_EXERCISE AIM_
Could you repeat the listing below exactly while leaving its pictures behind?
Top of EXERCISE INPUT
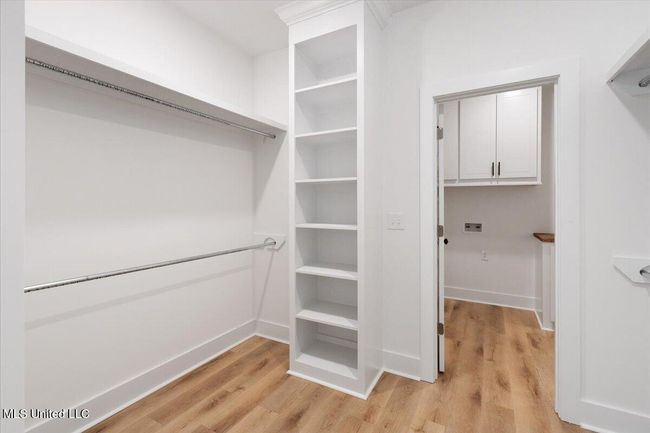 16-Master Bedroom Closet | Image 16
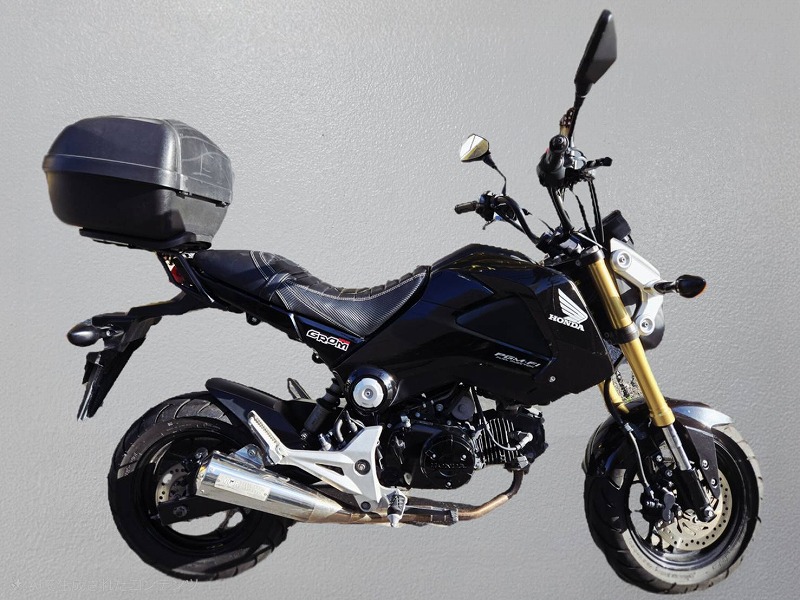 125cc】ホンダ グロム125 黒：沖縄レンタルバイクのインリンク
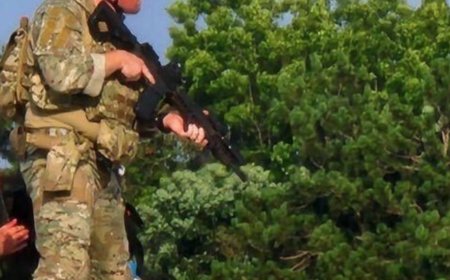 بالصور: من هو مطلق النار على ترامب؟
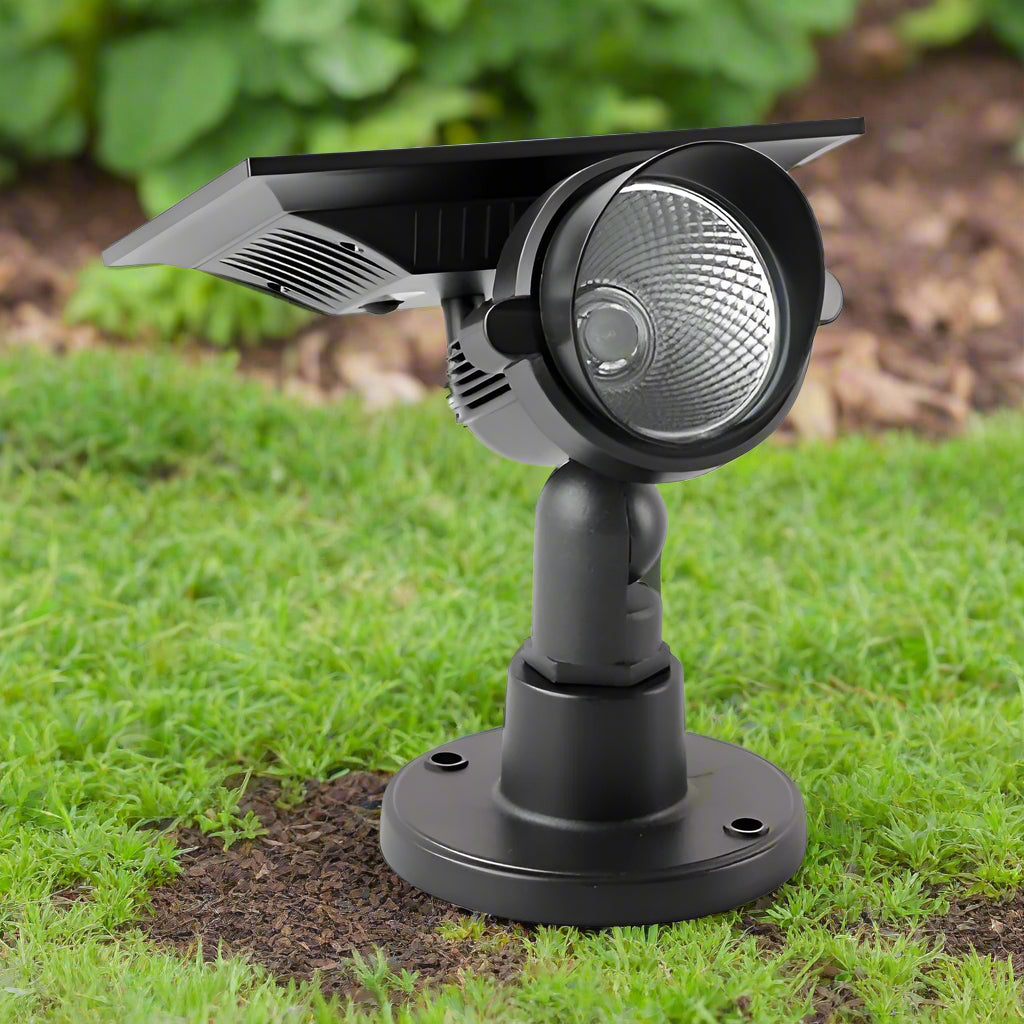 Solar Powered Garden Spotlight with Adjustable LED – Waterproof Garden Spike Lights for Energy-Efficient Outdoor Lighting 8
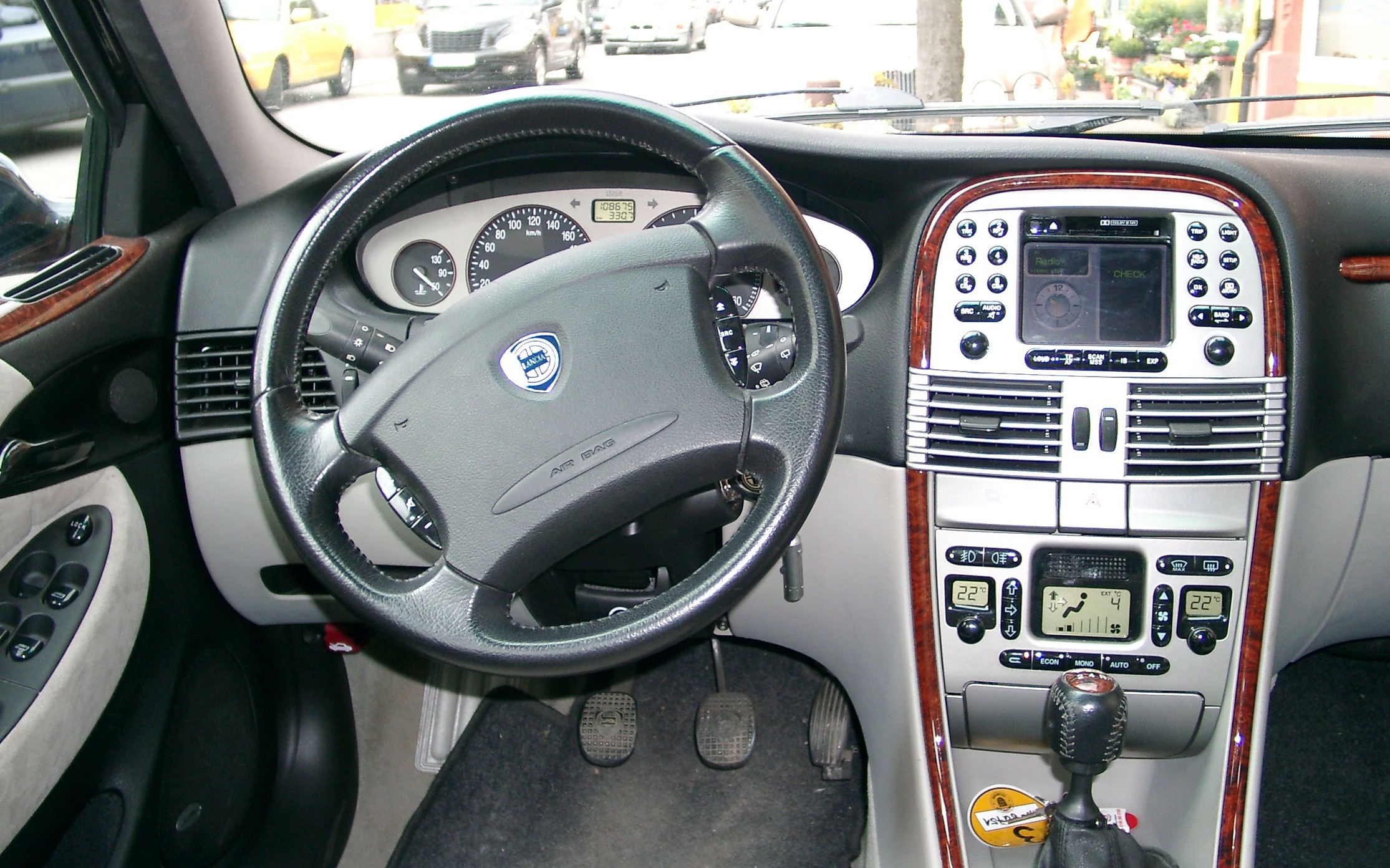 Lancia_Lybra_Dashboard_20080407.jpg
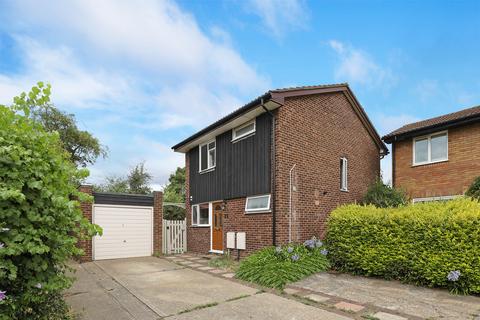 5 bedroom detached house for sale, Morland Close, Hampton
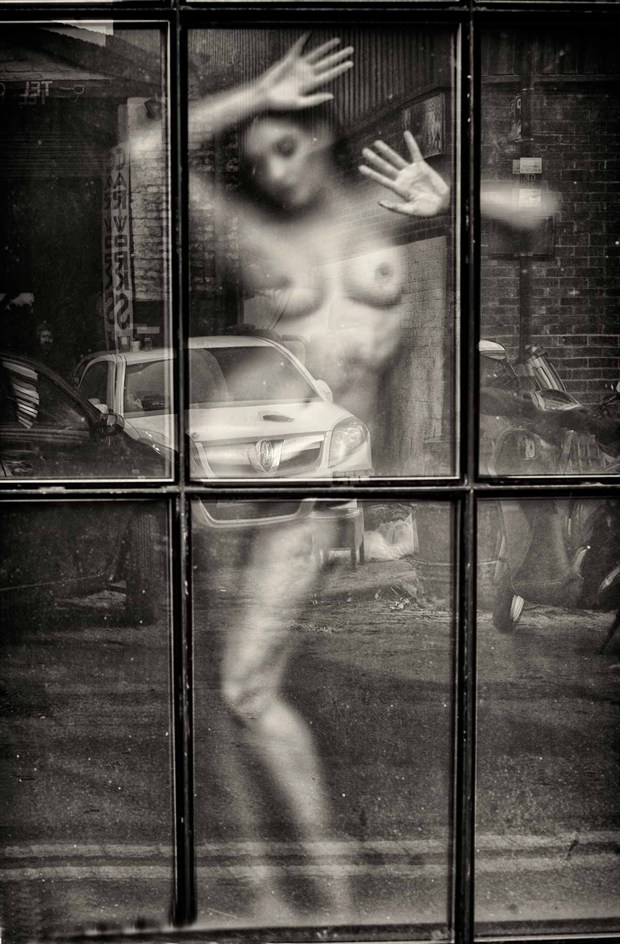 the garage Artistic Nude Photo by Photographer BenErnst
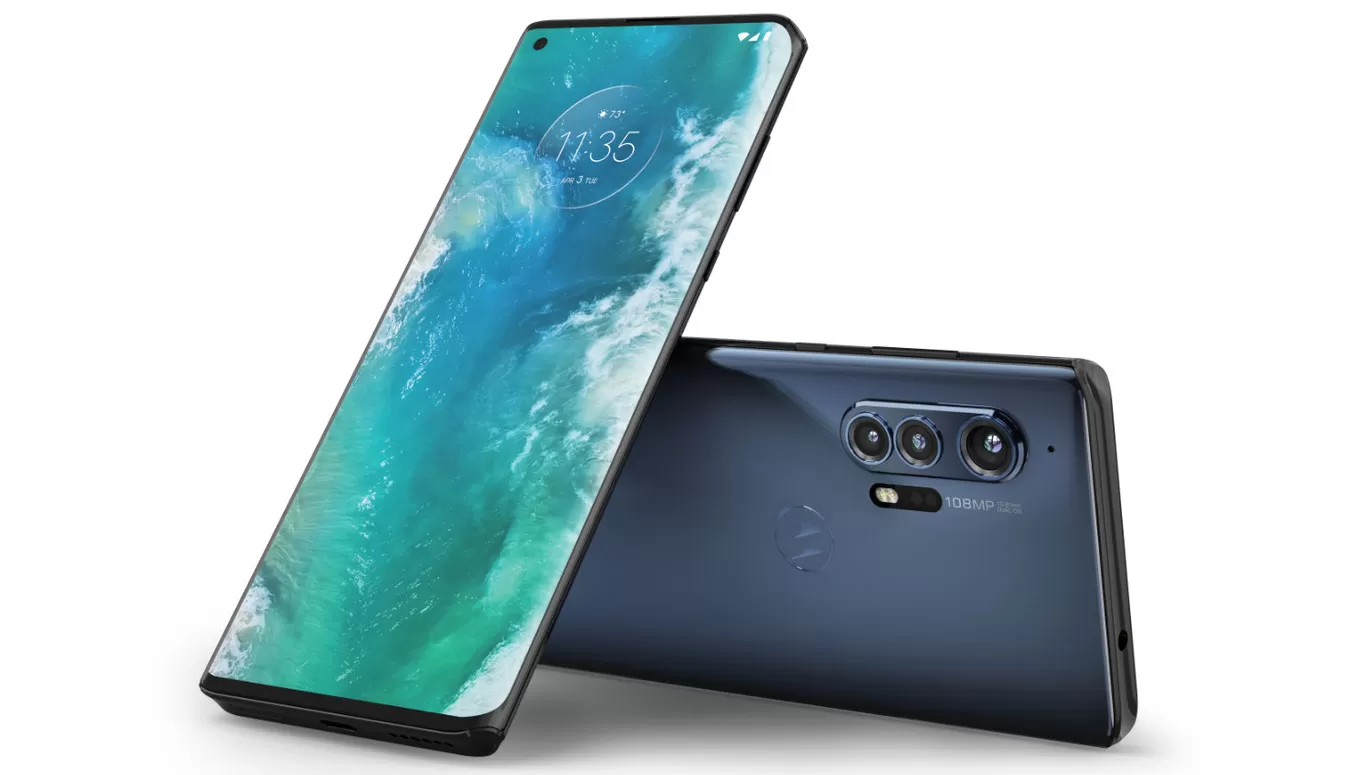 OPORTUNIDAD. El Motorola Edge es uno de los celulares que el Banco Provincia ofrece en 24 cuotas sin interés, con tarjetas de esa entidad.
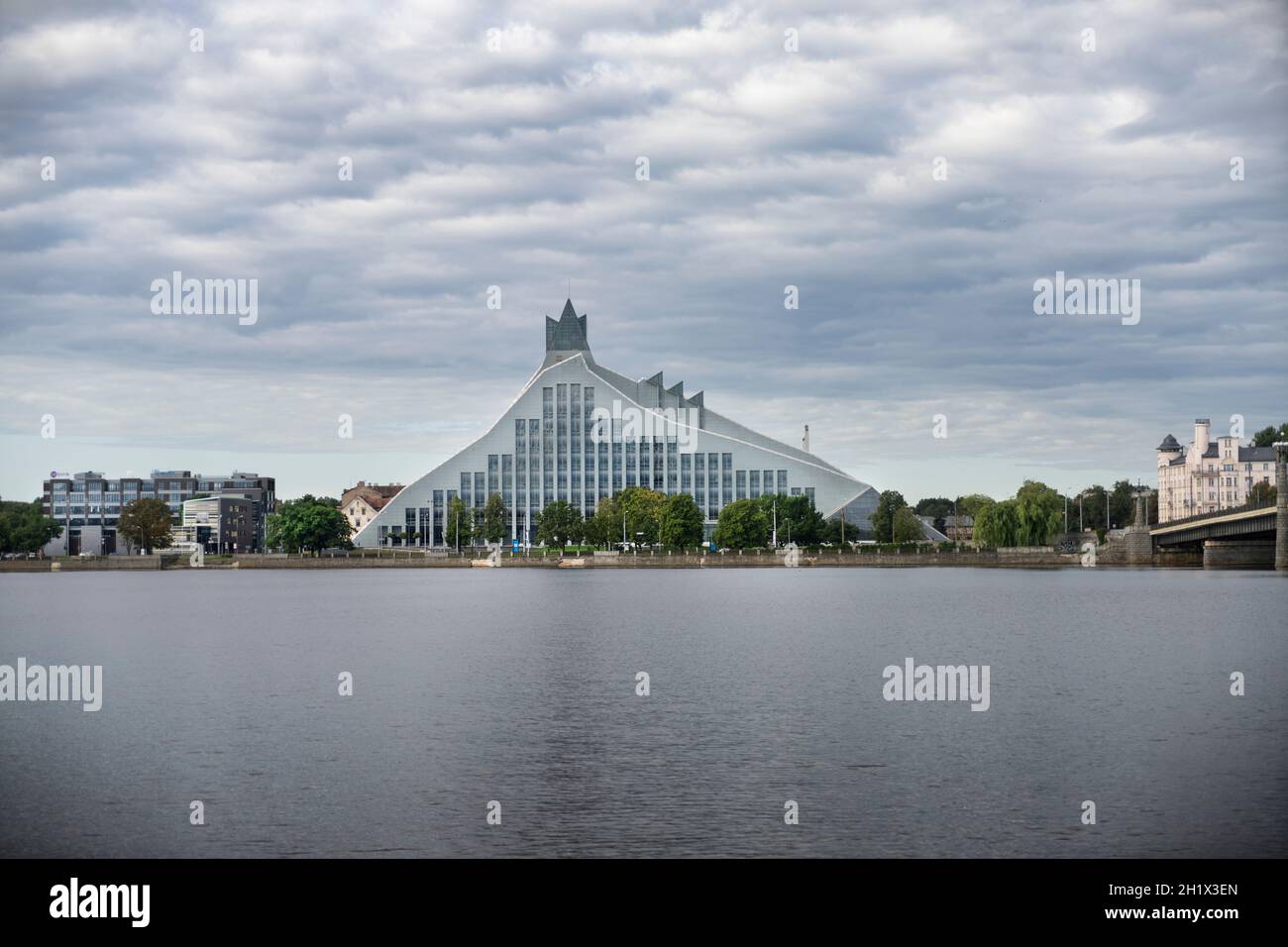 Riga, Lettland. 22. August 2021. Panoramablick auf die Lettische Nationalbibliothek Stockfoto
Bottom of EXERCISE INPUT
_ANSWER TO THIS EXERCISE_
 16-Master Bedroom Closet | Image 16
 125cc】ホンダ グロム125 黒：沖縄レンタルバイクのインリンク
 بالصور: من هو مطلق النار على ترامب؟
 Solar Powered Garden Spotlight with Adjustable LED – Waterproof Garden Spike Lights for Energy-Efficient Outdoor Lighting 8
 Lancia_Lybra_Dashboard_20080407.jpg
 5 bedroom detached house for sale, Morland Close, Hampton
 the garage Artistic Nude Photo by Photographer BenErnst
 OPORTUNIDAD. El Motorola Edge es uno de los celulares que el Banco Provincia ofrece en 24 cuotas sin interés, con tarjetas de esa entidad.
 Riga, Lettland. 22. August 2021. Panoramablick auf die Lettische Nationalbibliothek Stockfoto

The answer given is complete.